Hundreds of Christians had made the pilgrimage in buses on a gray, rainy Christmas Eve. They came mostly from camps for the displaced that have been set up in the city of Irbil.
Bartella is just 20 km east of the IS stronghold of Mosul — where coalition forces still are battling thousands of militants.
As mass was celebrated on Saturday, dozens of Iraqi and US security forces were on standby to protect worshipers at the historic, battle-scarred Mart Shmony Church.
During the mass, the church’s priest delivered a defiant message, CNN noted.

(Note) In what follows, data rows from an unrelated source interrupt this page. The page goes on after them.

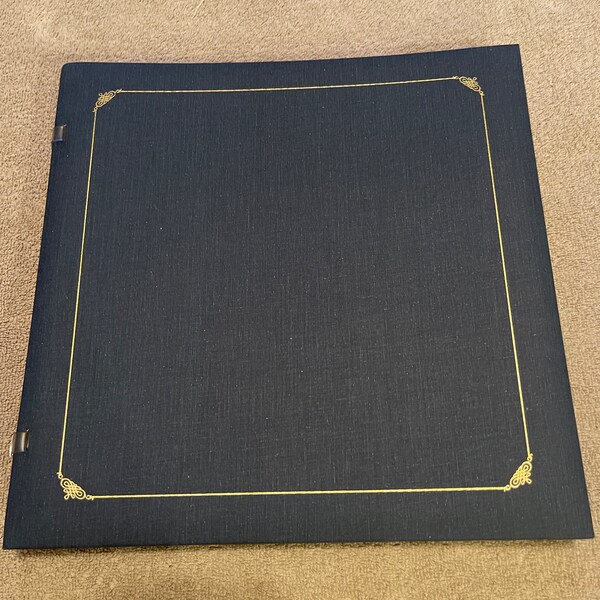 Strap Hinge 12x12 Scrapbook Album Etsy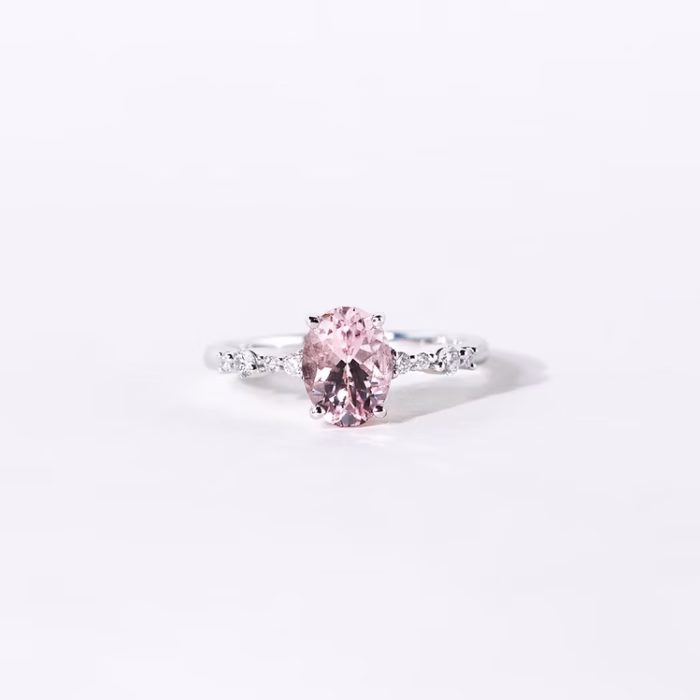 Gisel Morganite Ring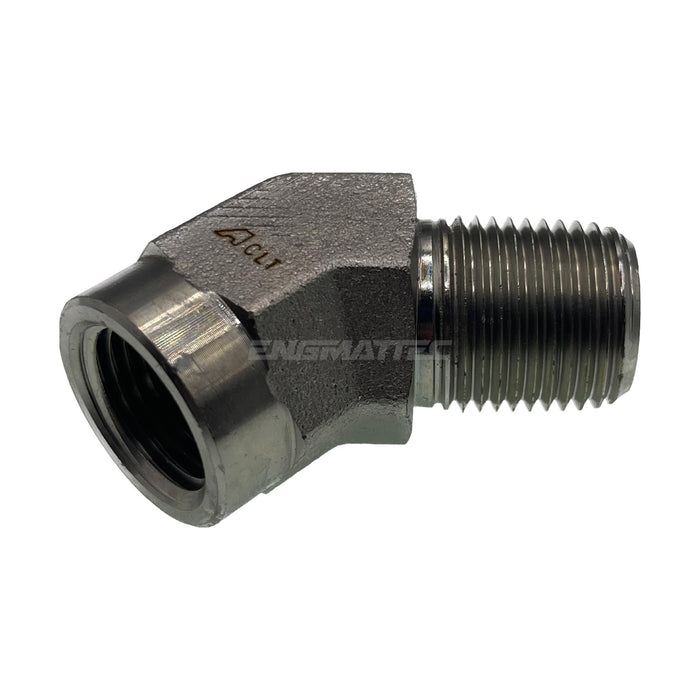 BSP Tapered Female x BSP Tapered Male 45° Compact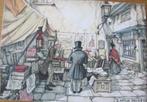 Anton Pieck - kijken in de boekenstal - nieuw, Verzenden, 1980 tot heden, Ongelopen, Overige thema's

“We are here to challenge the sons of darkness and this is why we held this mass here. IS are sons of darkness.
“This is a message to the entire world that we Christians … are the inherent component of this country and we are staying,” said Father Yaqub Saadi.
In another corner of the church, several US soldiers were celebrating Christmas. They held candles and prayed.
At the end of the service a new cross replaced the one destroyed by the IS.